Materials and Methods

Calculation of the EEXI Value for Gillnet Fishing Vessels

According to the “2022 Guidelines on the Method of Calculation of the Attained Energy Efficiency Index (EEXI) for Existing Ships” and the “2022 Guidelines on the Method of Calculation of the Attained Energy Efficiency Design Index (EEDI) for New Ships,” the EEXI and EEDI for different types of large commercial vessels have been specified, with the EEXI serving as a supplement and extension of the EEDI. The EEXI calculation formula is as follows, with units in (g/t•nm):

\[\small \begin{gathered} E E X I=\frac{A+B+E-D}{f_i \cdot f_c f_i \cdot \text { Capacity } \cdot V_{r e f} \cdot f_w \cdot f_m} \\ A=\left(\prod_{j=1}^n f_j\right)\left(\sum_{i=1}^{n M E} P_{M E(i)} C_{F M E(i)} S F C_{M E(i)}\right) \\ B=P_{A E} \cdot C_{F A E} \cdot S F C_{A E} \\ E=\left(\prod_{j=1}^n f_j \cdot \sum_{i=1}^{n P T I} P_{P T I(i)}+\sum_{i=1}^{n e f f} f_{\text {eff }(i)} \cdot P_{A E e f f(i)}\right) \cdot G \\ D=\sum_{i=1}^{n e f f} f_{\text {eff }(i)} \cdot P_{\text {eff }(i)} \cdot C_{F M E} \cdot S F C_{M E} \\ G=C_{F A E} \cdot S F C_{A E} \end{gathered}\tag{1} \]

In the formula, fi,fc,fl,fw,fm,feff are coefficients used for correcting for technical/regulatory limitations on transport capacity, capacity correction coefficient, the coefficient for general cargo ships with cranes and other cargo-handling equipment, sea margin coefficient, IA Super and IA ice-class ship coefficient, and the coefficient for each innovative energy efficiency technology, respectively. Generally, fi,fc,fl,fw,fm,feff are all set to 1. Capacity is the measure of the ship’s transport capacity, which is either deadweight tonnage (DWT) or gross tonnage (GT), depending on the ship type. For example, ro-ro ships and container ships use DWT as the measure of transport capacity, while cruise ships with non-conventional propulsion use GT.\(V_{ref}\) is the ship’s speed (in knots) in calm water conditions and at its corresponding carrying capacity in deep water.。\(C_{F}\) is the carbon conversion factor. SFC is the fuel consumption rate (in g/kWh), \(P_{ME}\) is the main engine power (in kW). If there are shaft motors, PPTI(i) represents 75% of each shaft motor’s rated power consumption divided by the generator’s weighted average efficiency, which is one of the innovative technologies. n is the number of main engines. The subscripts ME and AE represent the main and auxiliary engines, respectively. Together, these coefficients determine the total energy efficiency and carbon emissions of the vessel and are key factors in achieving environmental protection and energy efficiency management for ships.

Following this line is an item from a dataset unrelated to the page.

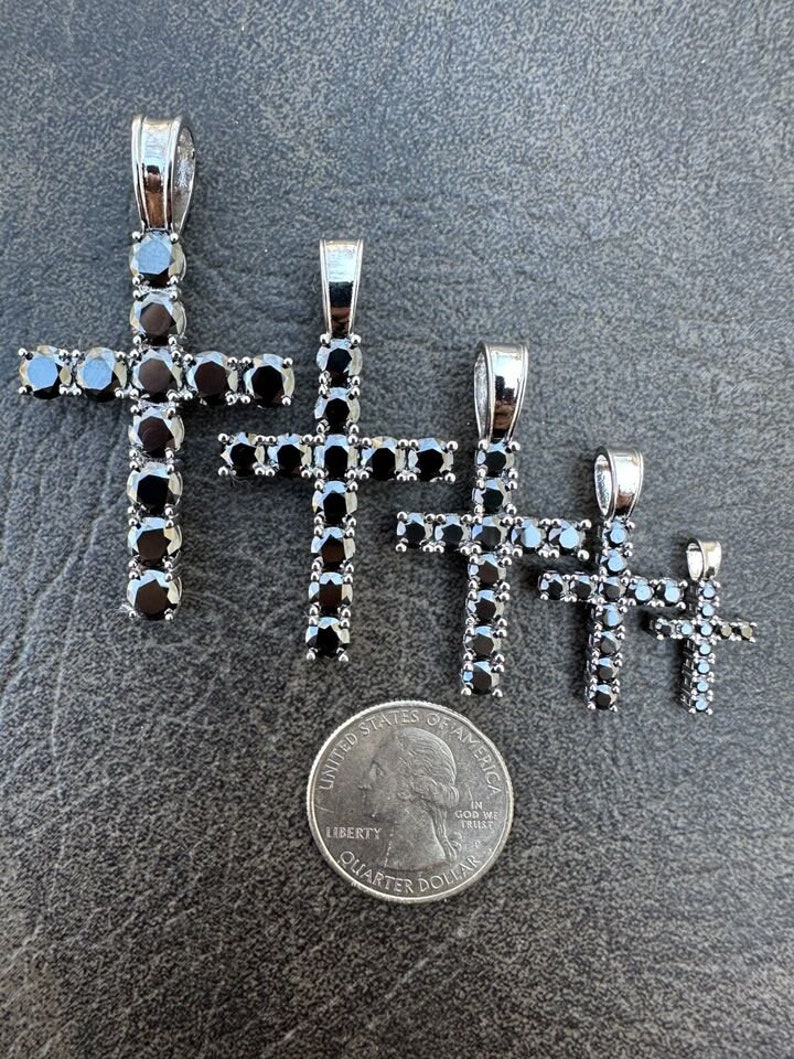 May include: Four silver cross pendants with black cubic zirconia stones. The pendants are arranged in order of size, with the largest pendant at the top and the smallest pendant at the bottom. A US quarter is included for size reference.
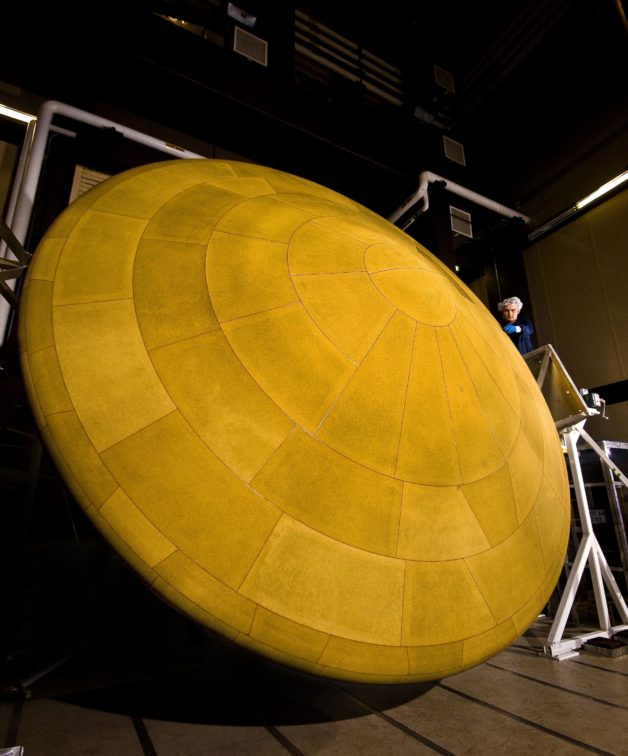 Photo - The Mars Science Laboratory, which landed the Curiosity rover on MARS, featured the largest heat shield (the underside is shown here)—at 14 feet 9 inches in diameter—to enter a planet’s atmosphere. NASA is now engaging in R&D for even larger heat shields made of flexible, foldable material that can open up like an umbrella to protect spacecraft during atmospheric entry. (Credit: NASA/JPL-Caltech/Lockheed Martin)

Due to gillnet fishing vessels’ traditional and outdated equipment, innovative technology factors are not considered. Additionally, because their operational characteristics mainly involve accommodating large catches, using GT to measure carrying capacity aligns better with their actual operational needs.8,9,34 This measurement method more accurately reflects the operational efficiency and capacity advantages of fishing vessels. Therefore, referring to the EEXI calculation formula for commercial ships, the EEXI calculation formula for gillnet fishing vessels is established as follows:

\[\small E E X I=\frac{P_{M E} \cdot C_{F M E} \cdot S F C_{M E}+P_{A E} \cdot C_{F A E} \cdot S F C_{A E}}{G T \cdot V_{r e f}} \tag{2}\]

Referencing the 2021 revised Annex VI of the MARPOL Convention,10\(C_{F}\)=3.114,SFCME=190(g/kWh),SFCAE=215(g/kWh).According to the “2022 Guidelines on the Method of Calculation of the Attained Energy Efficiency Index (EEXI) for Existing Ships” and the “2022 Guidelines on the Method of Calculation of the Attained Energy Efficiency Design Index (EEDI) for New Ships”,8,9 \(P_{ME}\) is 75% of the total rated installed power (MCRME) of each main engine (i)8,9\(P_{AE}\)is 5% of the total rated installed power (MCRME) of each main engine (i)8,9。These parameters and standards form the computational basis for ship energy efficiency assessment and management.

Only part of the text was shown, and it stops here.